EUROPEAN FIXED INCOME UPDATE: US and German paper diverges on account of trade updates and Trump comments on Powell
USTs: +4.5 ticks; 110.30
- USTs bid with markets encouraged by two primary inputs. 1) optimism around the trade war following more upbeat comments from US President Trump overnight, reporting yesterday suggesting that Treasury Secretary Bessent sees the current levels of tariffs on China as unsustainable and comms from the White House that it is nearing deals with China and India. 2) Comments by US President Trump overnight that whilst He wishes for the Fed to lower rates, he is not looking to fire Powell.
- For today's docket, focus will be on US PMI data and Fed speak from Goolsbee, Musalem, Waller, Hammack. On the former, whilst the data series is seen as second tier compared to ISM metrics, the release will be parsed for details over how the Trump trade war is impacting corporate America.
- On the supply front, a 2yr FRN is due at 16:30BST followed by a 5yr auction at 18:00BST and comes hot on the heels of yesterday's soft 2yr offering.

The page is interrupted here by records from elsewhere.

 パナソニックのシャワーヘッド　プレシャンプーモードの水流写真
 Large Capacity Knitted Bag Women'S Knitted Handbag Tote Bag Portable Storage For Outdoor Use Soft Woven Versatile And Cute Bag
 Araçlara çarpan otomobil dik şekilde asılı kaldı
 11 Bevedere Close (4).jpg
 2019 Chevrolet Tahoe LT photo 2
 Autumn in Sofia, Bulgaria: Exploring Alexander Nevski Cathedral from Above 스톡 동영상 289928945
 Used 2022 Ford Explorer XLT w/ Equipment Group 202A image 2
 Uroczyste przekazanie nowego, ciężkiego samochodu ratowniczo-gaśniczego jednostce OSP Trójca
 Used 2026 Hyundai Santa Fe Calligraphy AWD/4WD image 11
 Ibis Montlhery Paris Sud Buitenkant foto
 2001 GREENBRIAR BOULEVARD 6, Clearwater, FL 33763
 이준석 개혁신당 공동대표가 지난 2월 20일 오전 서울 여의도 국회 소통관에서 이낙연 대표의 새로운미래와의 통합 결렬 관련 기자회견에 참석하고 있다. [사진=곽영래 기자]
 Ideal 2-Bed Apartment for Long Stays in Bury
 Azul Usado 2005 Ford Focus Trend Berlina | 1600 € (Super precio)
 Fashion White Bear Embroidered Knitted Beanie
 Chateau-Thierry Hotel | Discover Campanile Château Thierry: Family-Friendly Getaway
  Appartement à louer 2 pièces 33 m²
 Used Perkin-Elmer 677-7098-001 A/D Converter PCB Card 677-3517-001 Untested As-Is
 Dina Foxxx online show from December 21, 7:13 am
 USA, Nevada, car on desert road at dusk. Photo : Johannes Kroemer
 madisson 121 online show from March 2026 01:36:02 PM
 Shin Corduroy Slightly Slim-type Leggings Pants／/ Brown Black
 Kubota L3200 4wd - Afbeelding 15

- Jun'25 contract has ventured as high as 111.00+ with the next resistance point coming from the 21st April peak @ 111.09. From a yield perspective, the US curve is bear-flattening (vs. the steepening seen during Monday's tumultuous session) with the US 10yr yield as low as 4.334% (vs. yesterday's 4.438% peak).
Bunds: -42 ticks; 131.53
- Bunds diverging from their US peers on account of the more encouraging risk tone and increased positivity on the trade front.
- From a data perspective, PMI metrics this morning from France, Germany and the Eurozone have all conformed to the same picture of beats on manufacturing, services and composite missed. The accompanying report noted "the Eurozone private sector saw output remain broadly stable in April". Note, there will be another round of data before the ECB's June policy announcement which is currently priced at 69% for a 25bps rate cut.
- ING notes that "the rates impact from data surprises can be quite asymmetrical, in the sense that downside surprises could trigger larger swings than vice versa".
- Looking ahead, 2035 Bund supply is due @ 10:30BST.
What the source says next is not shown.